IB Geography and CAS are closely interlinked at IST. Over the two year study period students have the opportunity to:

• Develop their sense of empathy and compassion for each other
• Consider their personal response to risk and unfamiliar situations on fieldwork
• Develop their independence and courage
• Evaluate and reflect on their personal and group performance in and out of the classroom. 

We cover a huge amount of ethical issues in IB Geography such as social impacts of migration, infanticide, the global distribution of aid projects, vulnerability and responses to hazards & disasters. 

IB Geography & CAS Ideas

Could you create and lead an IST school environmental club to the next level?  Whilst making efforts to create a more sustainable school environment, could you be inspired to take useful technology into a rural area in a developing nation to help a village school without electricity? With a few simple recycled materials and a little knowledge of science, could you lead your classmates in the installation of solar bottle lights to brighten up the educational space of local children? 

or

Could you use the United Nations’ Millennium Development Goals as a guide to your CAS work? Perhaps, working with peers to bring environmental sustainability education to rural areas of a developing nation or more widely in your local community?  

IB Geography & TOK

Students of IB Geography study individuals and societies. This means that they explore the interactions between humans and their environment in time and place. As a result, these subjects are often known collectively as the “human sciences” or “social sciences”.

As with other subject areas, there is a variety of ways of gaining knowledge in Geography. For example, archival evidence, data collection, experimentation, observation, and inductive and deductive reasoning can all be used to help explain patterns of behaviour and lead to knowledge claims. Geography students are required to evaluate these knowledge claims by exploring knowledge issues such as validity, reliability, credibility, certainty and individual as well as cultural perspectives.
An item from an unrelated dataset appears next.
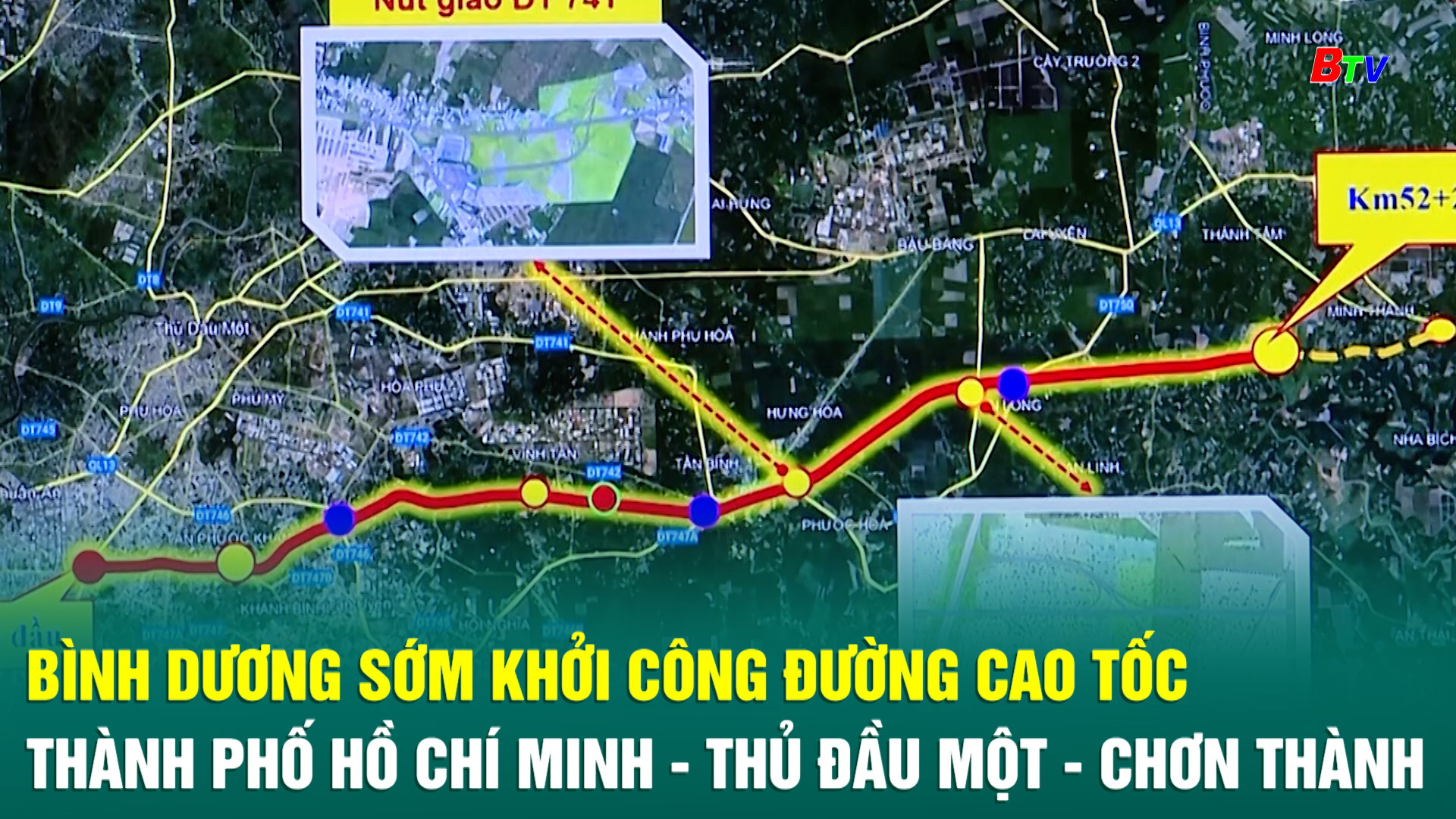 Bình Dương sớm khởi công đường cao tốc thành phố Hồ Chí Minh - Thủ Dầu Một - Chơn Thành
The relationship between each subject and theory of knowledge is important and fundamental to the Diploma Programme. Having followed a course of study in group 3, students should be able to reflect critically on the various ways of knowing and methods used in human sciences. In doing so, they will become “inquiring, knowledgeable and caring young people” (IB mission statement). During the Diploma Programme geography course, a number of issues will arise that highlight the relationship between theory of knowledge and geography. Some of the questions that might be considered during the course are identified below

  • Are the findings of the natural sciences as reliable as those of the human sciences? What is the meaning of “a scientific law” in each area?
  • To what extent do maps reflect reality?
  • Do regions have boundaries?
  • To what extent might it be true that geography combines the methods of human and natural sciences?
  • Some geographical topics, such as climate change, are controversial. How does the scientific method attempt to address them? Are such topics always within the scope of the scientific method?
  • What scientific or social factors might influence the study of a complex phenomenon such as global warming?
  • Often in geography a model of reality is created. What does this mean? What are the advantages and disadvantages of creating a geographic model? In what areas of geography are models most common?
  • Arguably, while some aspects of geography can be measured, others cannot. Is this the case? What is it about a quality that means it cannot be quantified?
  • If humans are individual and unique, does this mean that there can be no reliable laws in human geography?
  • Many geographers and others value diversity in human affairs. Is globalization therefore a bad thing?

Geography has links to TOK at relevant points on the teaching site www.geographypods.com. They are called TOK Talking Points. Look out for them and be prepared to bring TOK to life in the subject.